Parlons-en, de cet escalier. Car oui, nous montons. Montons. Montons. Toujours. Encore. Vers où? Nul ne le sait. Nous savons seulement que nous montons. Droit vers l'avant, vers l'en haut. Et pourtant, que nous en coûterait-il de nous retourner, un soir au moins, et de regarder l'horizon? A quoi bon construire une bâtisse si ce n'est que pour y enfermer nos biens? Qu'ai-je à gagner d'en avoir plus qu'un autre? Sa reconnaissance? La flatterie de mon égo? Notre destination me paraît obscure et claire à la fois : obscure, car je suis ignorant également ; claire, car je crains de savoir vers quoi nous courons. Il nous suffirait pourtant de voler. Si ce n'est en fait, c'est en rêve. Le rêve n'est pas la vie, mais la vie est faite de rêve. Qui ne rêve pas est comme mort. Qui rêve de trop aimerait mourir. J'ai connu les deux états. Et si je peux comprendre que certains rêvent de magnificence et de pouvoir, d'argent et de gloire, je ne comprends pas, en revanche, pourquoi nous érigeons cela aux côtés des dieux. Peut-être apprécions-nous d'être commandés? Je n'ai pas voeu, en tous les cas, de finir parmi les meubles de ma possible maison. Que celle-ci soit en mon pays ou en ce monde. Il est une chose d'être homme, il en est une autre d'être humain.

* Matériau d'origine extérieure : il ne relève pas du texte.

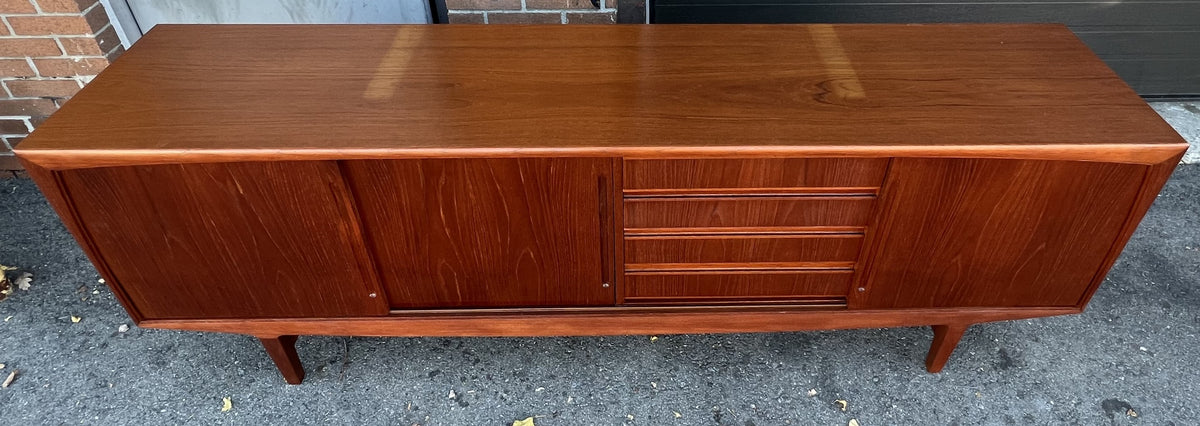 REFINISHED Danish Mid Century Modern Teak Sideboard 7 ft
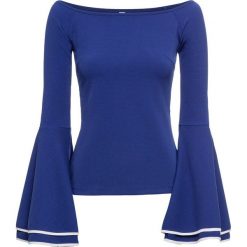 Shirt z odkrytymi ramionami bonprix lazurowo-biały. Bluzki damskie marki bonprix. Za 49.99 zł.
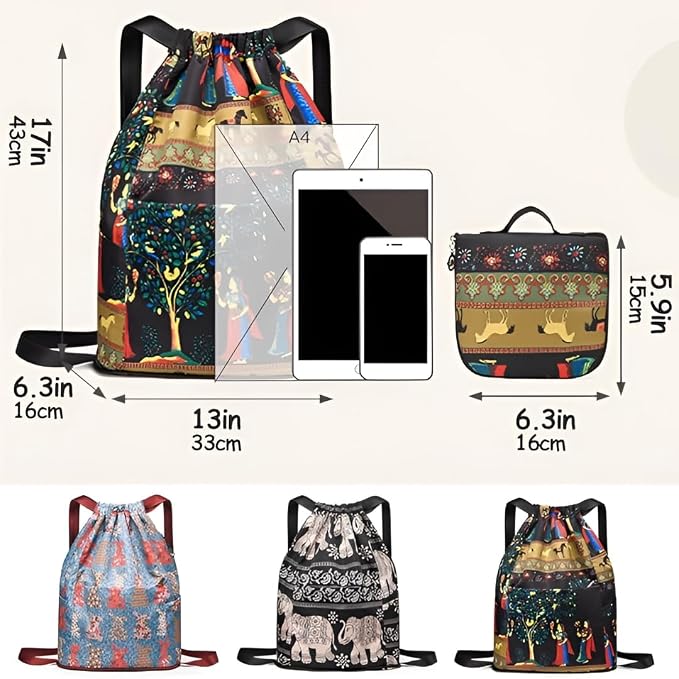 Drawstring Foldable Large Capacity Travel Sports Backpack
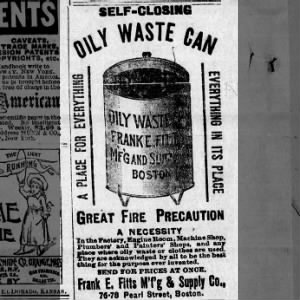 Fire preventing Oily Waste can for sale in The Herald Jan 1892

Plus j'y réfléchis, moins je m'étonne de mon mépris pour ce qui est en ordre, ce qui est esthétique et ce qui est digne d'intérêt. Les hommes d'en bas ne sont peut-être pas meilleurs que les autres, mais au moins, ils sont fréquentables. Au moins, oui, il est possible de parler à quelqu'un qui me voit comme un égal, et non comme un porte-monnaie.